In our modern age, it has become a secular orthodoxy that every man or woman has the right to choose his own values, his goals, his standards of right or wrong. We assume the right to judge truth. Right and wrong are determined according to our feelings. These are all forms of autonomy, of sovereignty of each over his life. Yet, no one, even among professing Christians, hears the echo in those cultural assumptions of the words of Satan quoted above.

If a person's words are a quote of Satan, is that not a warning that he is on a destructive path? We know that Adam was.
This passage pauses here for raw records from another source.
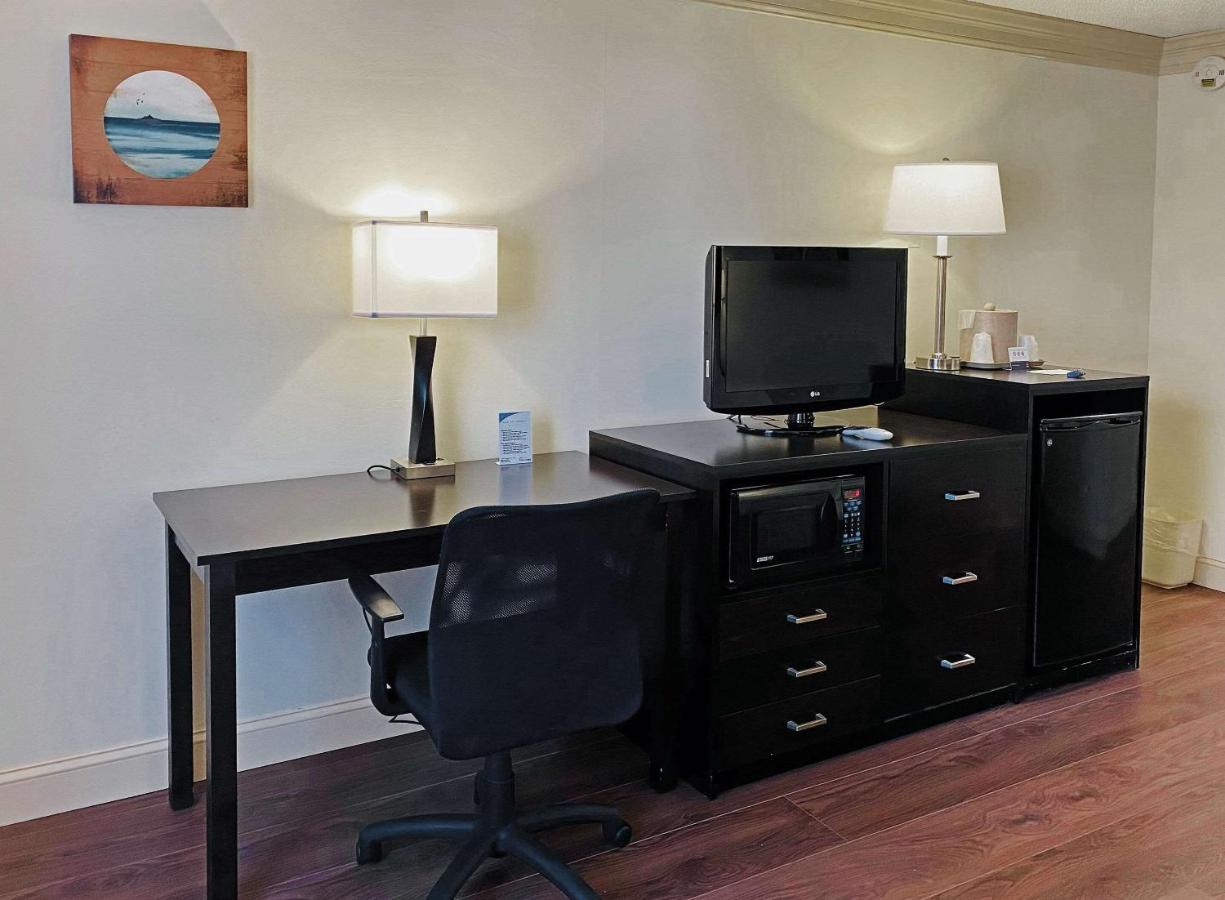 | Clarion Hotel & Conference Center Toms River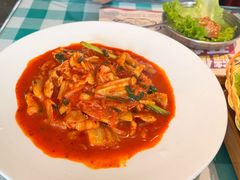 辣白菜炒五花肉-益百岁牛尾汤主题餐厅(辛庄街店)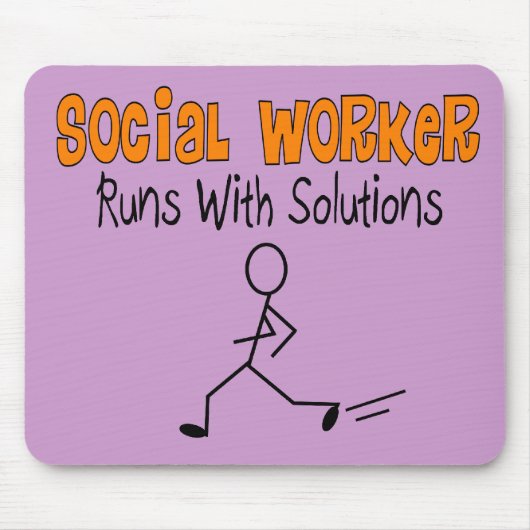 ソーシャルワーカーの"解決"のおもしろいなギフトと走ります マウスパッド (正面)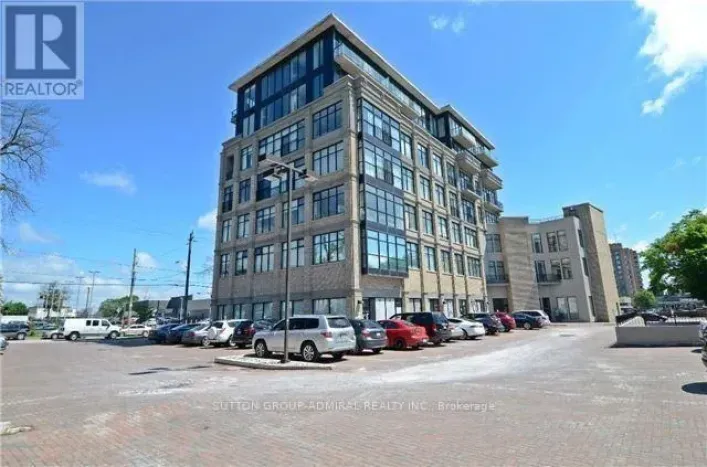 208 - 10376 YONGE STREET, Richmond Hill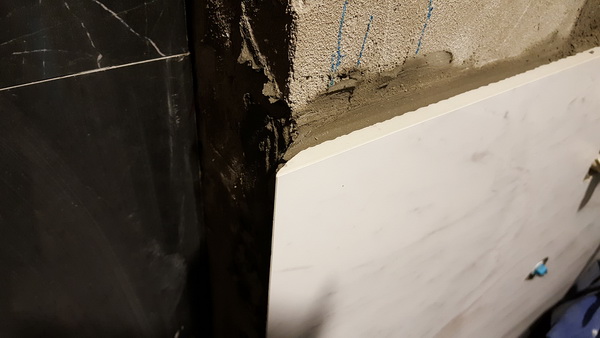 กระเบื้องห้องน้ำ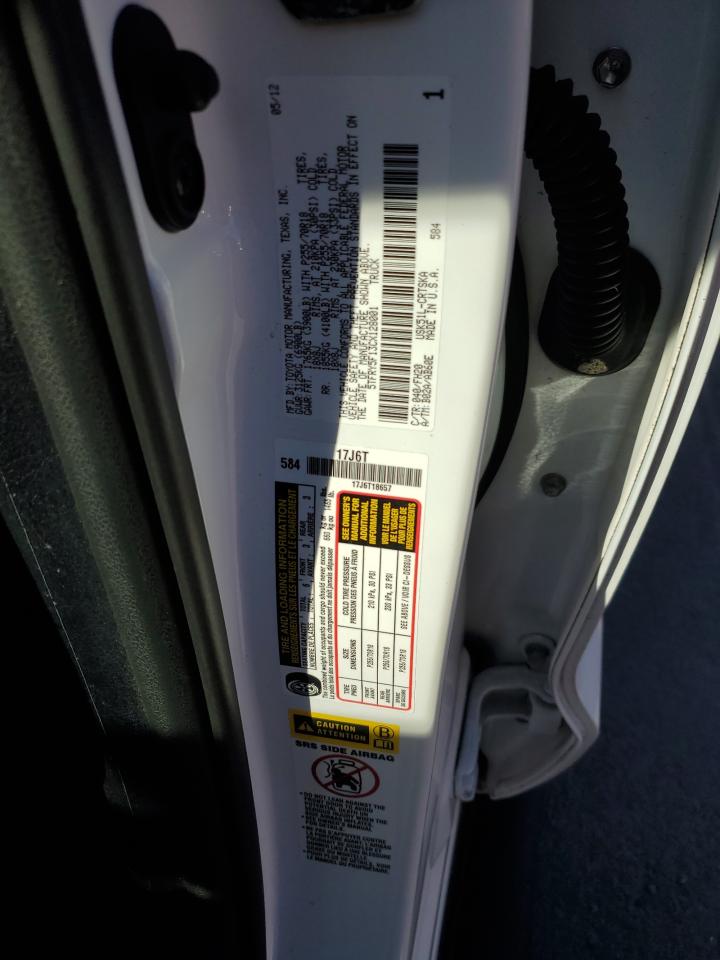 2012 Toyota Tundra - Image 12
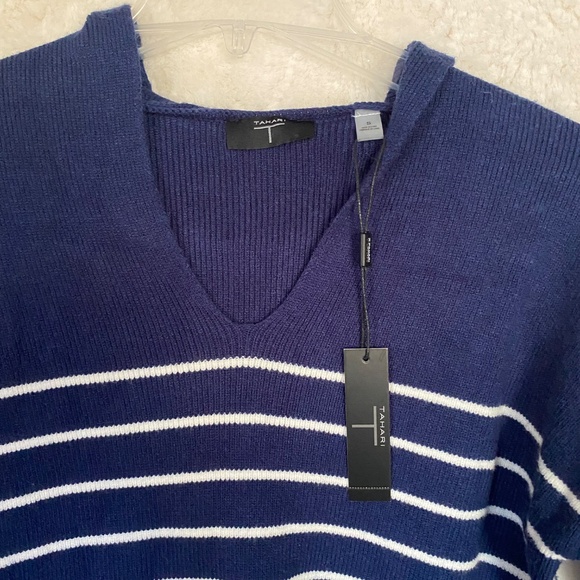 Tahari lightweight hoodie sweater - Picture 6 of 13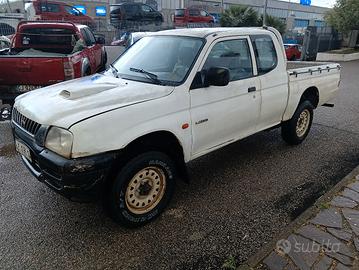 Mitsubishi l 200 2.5 td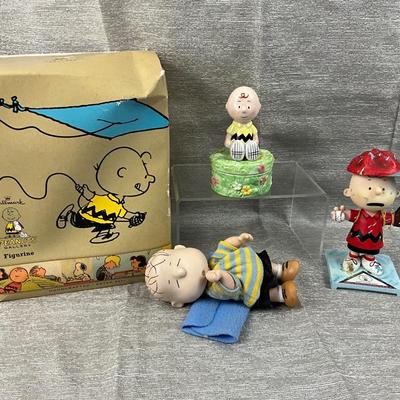 Lot 583 Charlie Brown Peanuts Figures Lot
"Therefore, just as sin came into the world through one man, and death through sin, and so death spread to all men because all sinned— for sin indeed was in the world before the law was given, but sin is not counted where there is no law. Yet death reigned from Adam to Moses, even over those whose sinning was not like the transgression of Adam, who was a type of the one who was to come. But the free gift is not like the trespass. For if many died through one man’s trespass, much more have the grace of God and the free gift by the grace of that one man Jesus Christ abounded for many. And the free gift is not like the result of that one man’s sin. For the judgment following one trespass brought condemnation, but the free gift following many trespasses brought justification. For if, because of one man’s trespass, death reigned through that one man, much more will those who receive the abundance of grace and the free gift of righteousness reign in life through the one man Jesus Christ" (Romans 5:12-17).